Did you guys have this at his age and how did you handle? Any advice?

xo
Kim


----------



## MalteseObsessed (Mar 7, 2010)

oh dear sweet and naughty Tyler! I have no advise, but just wanted to say hi! I thought you might be on one of your June trips that you had to go on! Tyler == please be good for your mommy!


----------



## BeautifulMaltese (Dec 4, 2013)

I have the same problems with Riley!

He's my first boy, I never had these issues with Zoe, so maybe it's a boy thing!

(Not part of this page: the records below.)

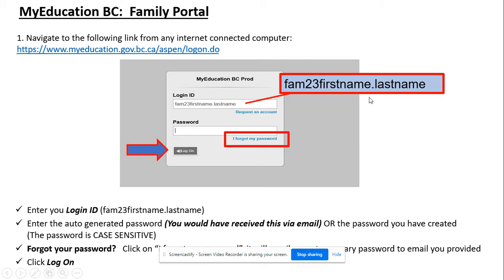This will be the first name and last name that you have provided the school previously. There will be an account made for each contact that the school has. If you check your email, you should have this username written out and you can copy it from there.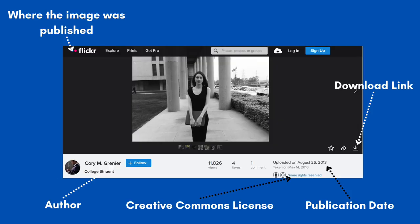This image is hosted or published on Flickr, which is a database of photographers' work. On this page, you should identify the following things: the author or photographer, the Creative Commons license, the date it was uploaded or publication date, and the link where you can download the image.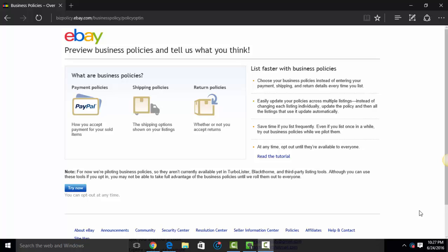In this video, I'm going to show you how to set up business policies and seller profiles and use them with HydraLister.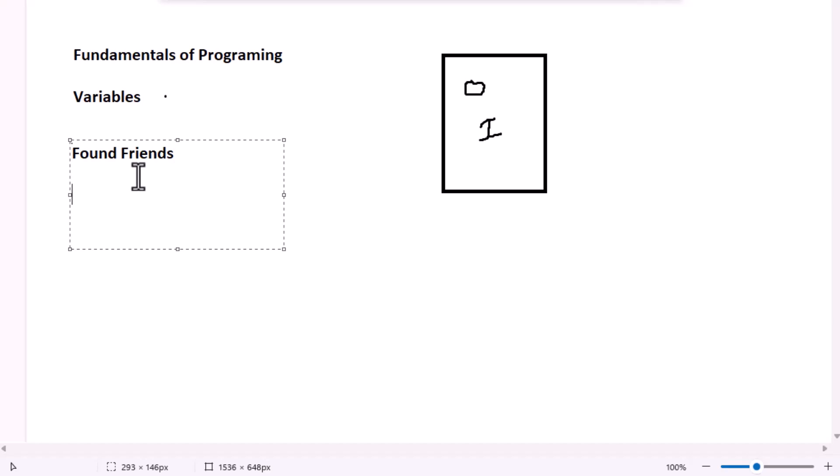When you start, you could say found friends equals to zero. Or in Swift, you would write var found friends equals to zero. So var simply means variable found friends equals to zero. Each time you find a friend, you would add to found friends. And the cool thing is you can change what's in the bucket any time you want.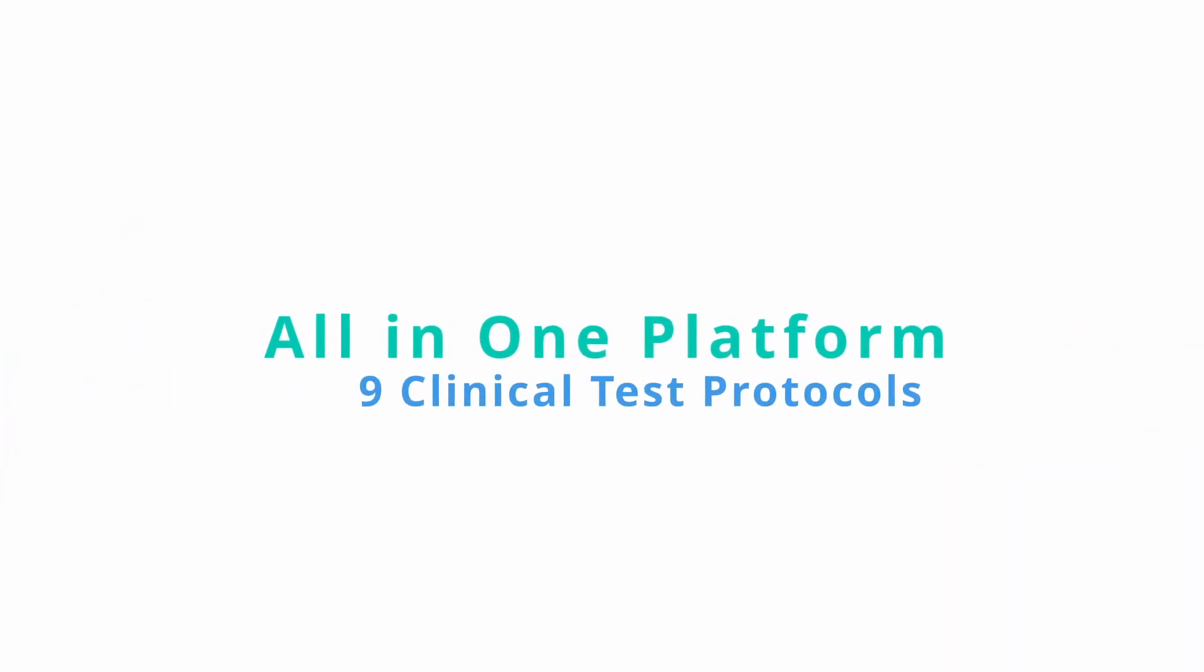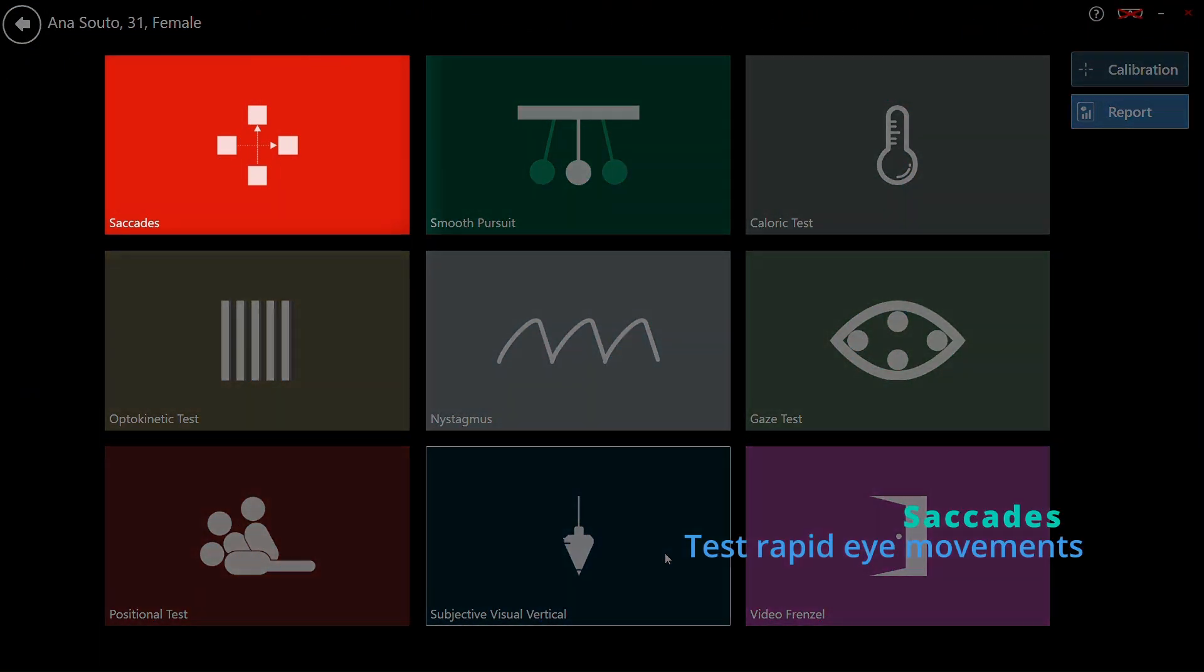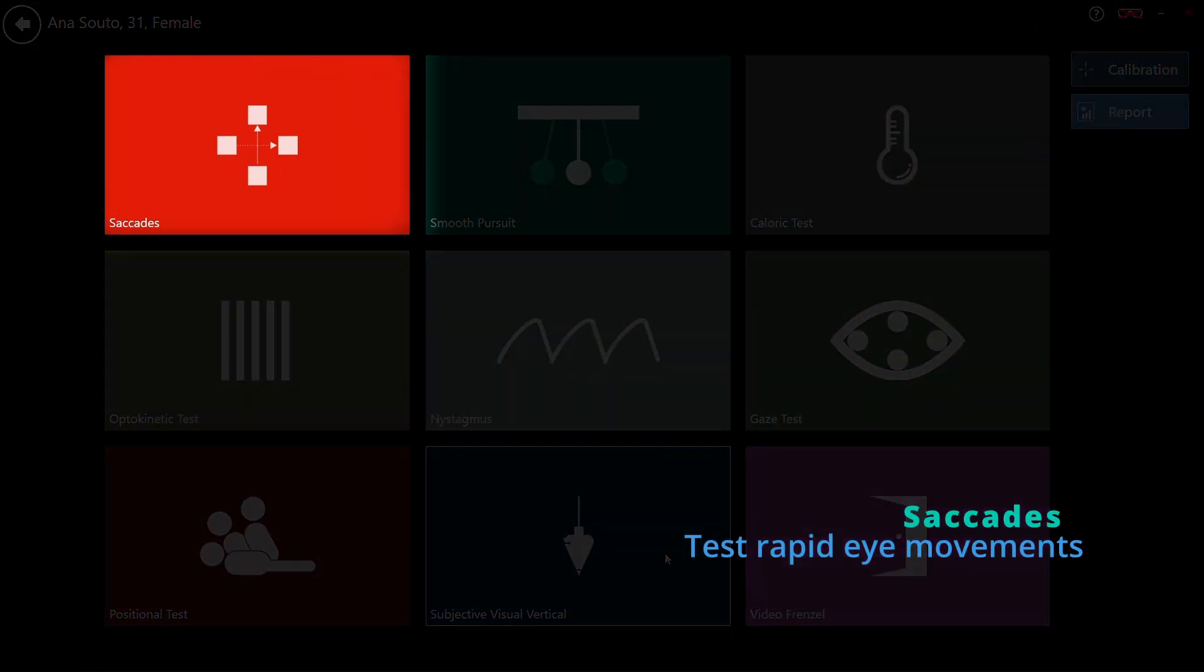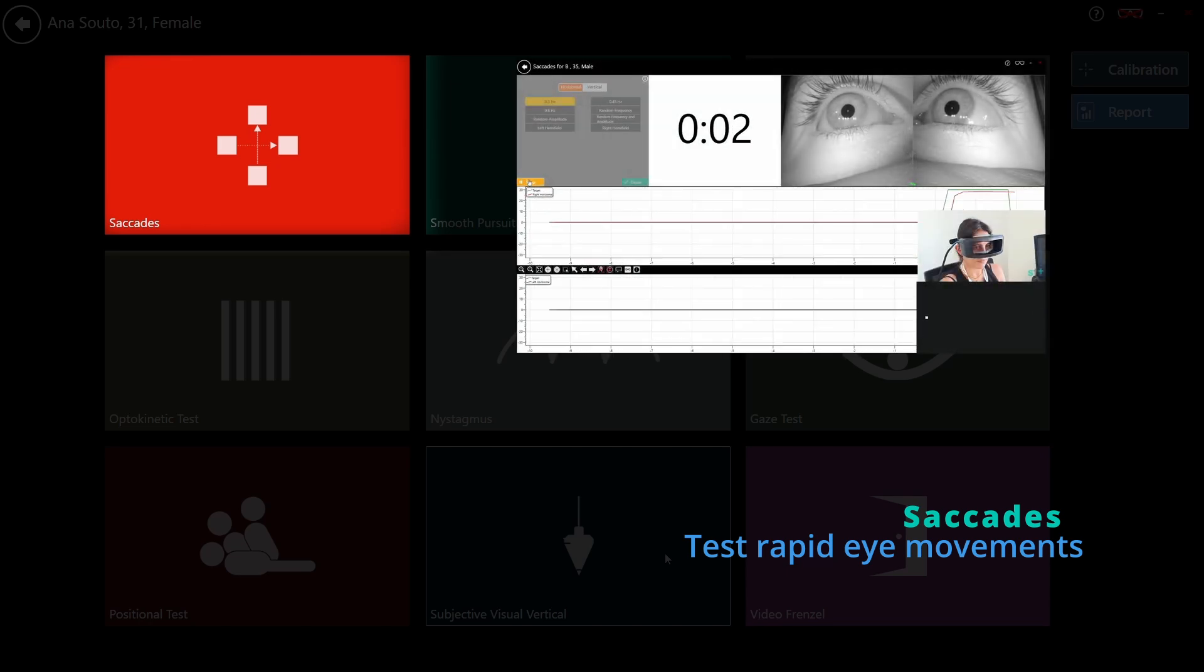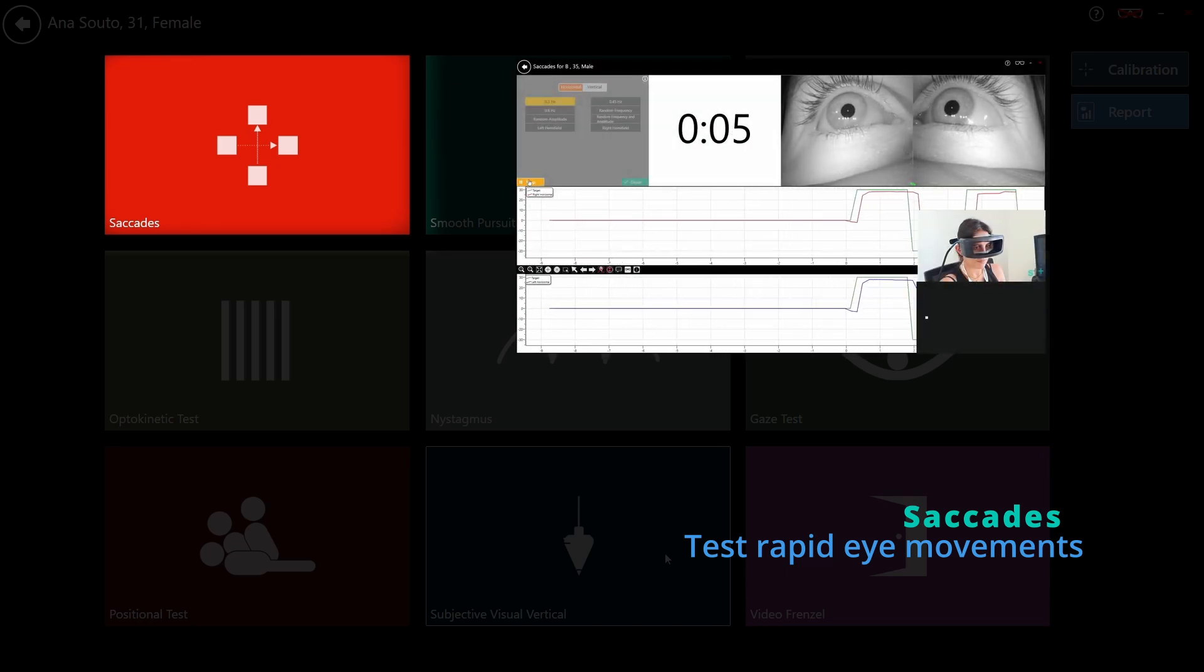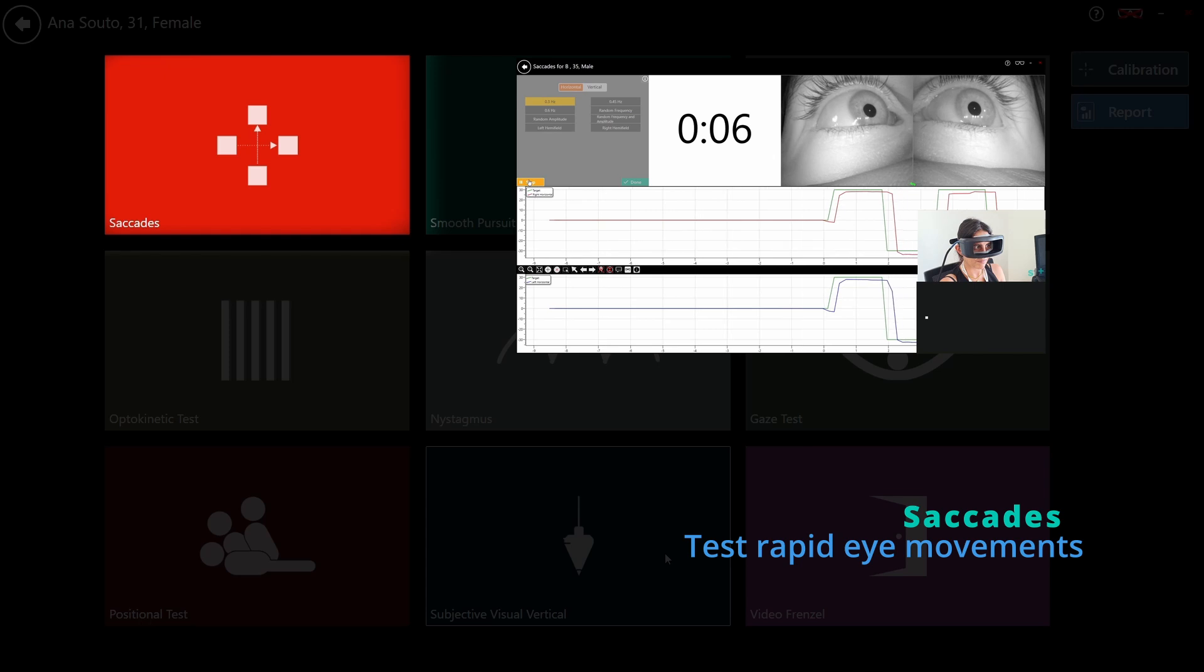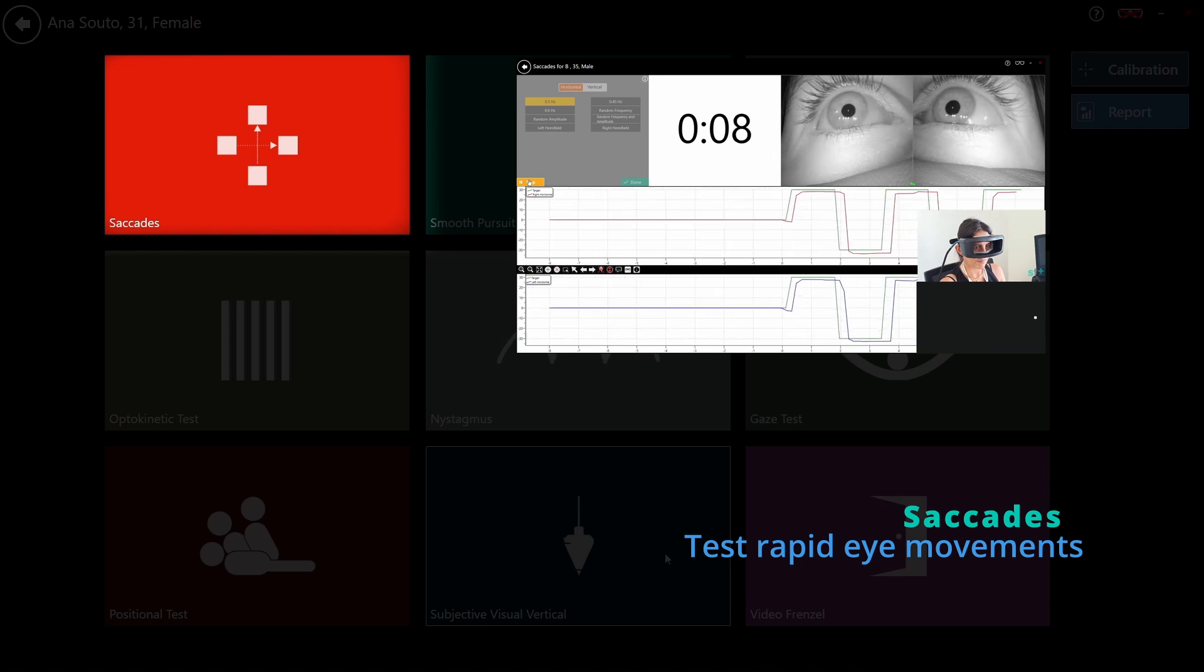The VNGi platform includes nine fully integrated test protocols, standardized, reproducible and clinically validated. This test measures the velocity, precision and latency of rapid eye movements between targets. Both horizontal and vertical variants are available.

He loves tissues, paper, tags, shoes, anything he can get a hold of! And yes, I have to chase him around for sometimes 10 min (he goes under my bed) to get the stuff away from him lol.....

To them, it's playing. Keep in mind, they are still puppies at that age (Riley will be 6 months soon). Consistency with discipline ("No" sort of works, sometimes he just barks at me lol.....

Other times, he's an absolute angel :innocent:

Be patient, they do learn (eventually) !

Good luck! 


kd1212 said:


> Hi All:
> 
> Tyler just turned 8 months last week and this week he's really out of control. He's taking any paper, picture, book within rage and shredding it. If we say, "leave it," he makes us chase him and runs around. He's taken paper before this week, but he seems to be becoming way more defiant lately. And, he doesn't listen when I use the training commands we've been taught (we're in obedience classes and agility classes)--he completely ignores my leave its, sits, touch, stay, down, etc. He's also trying to get into the garbage. The only way to stop him from any of this is if I say, "okay, bye" and close myself into the doors that lead to our bedrooms and bathrooms. However, he's caught on to that too! Today, I had to wait 5 minutes behind the doors for him to finally freak out that I locked myself away from him all while he ruined a picture of my niece!
> 
> ...


----------



## bellaratamaltese (May 24, 2006)

Do you crate him at all? Or have him in an xpen when you aren't able to watch him like a hawk? I usually try to not give training advice because well, it's not my strong point  But if he's being naughty and getting into that many things, he most likely has too much freedom. Hopefully the better' trainers' on the forum will chime in!


----------



## maddysmom (Mar 8, 2012)

Hi Kim! Before Lacie got sick I would walk her to tire her out so she wasn't pent up with energy...which for Lacie led her to chew and tear up anything she could find. When she took things and I asked her to leave it...she would run away because she thought it was a game...I ignored this behavior and walked the other way and she finally caught on that it wasn't playtime.
My trainer advised me to put her in the xpen if she couldn't be trusted, whether I was home or not and finally she stopped getting into things...until yesterday when I bought this beautiful teak lounger to lay on and she chewed the knob:blush:


----------



## Lou's Mom (Apr 8, 2014)

I'm not an expert either but I suspect he thinks it's a game now with you chasing him around! And it's not just boys - my baby girl, Dallas is a bit of a stinker with tissue and paper towels! Got to watch her like a hawk when the husband is dropping stuff. A crate or leashed to you should help and go back to the basics of obedience from the beginning with lots of exercise. I have to wear her out most days playing fetch!


----------



## Fee (Oct 26, 2013)

Welcome to my world  Boycie is almost 1 year old and oh boy is he a naughty pup!  I eventually manage to control him, but when he is bored he will find something to drag, tear or chew on to get my attention and then I have to chase him around to recover the item, he loves this! If I am doing something on my computer or reading and he is bored, he will pull on my skirt hem or leggings to kind of provoke me to chase him again.  I even take him on walks regularly, but puppies just wanna have fun!  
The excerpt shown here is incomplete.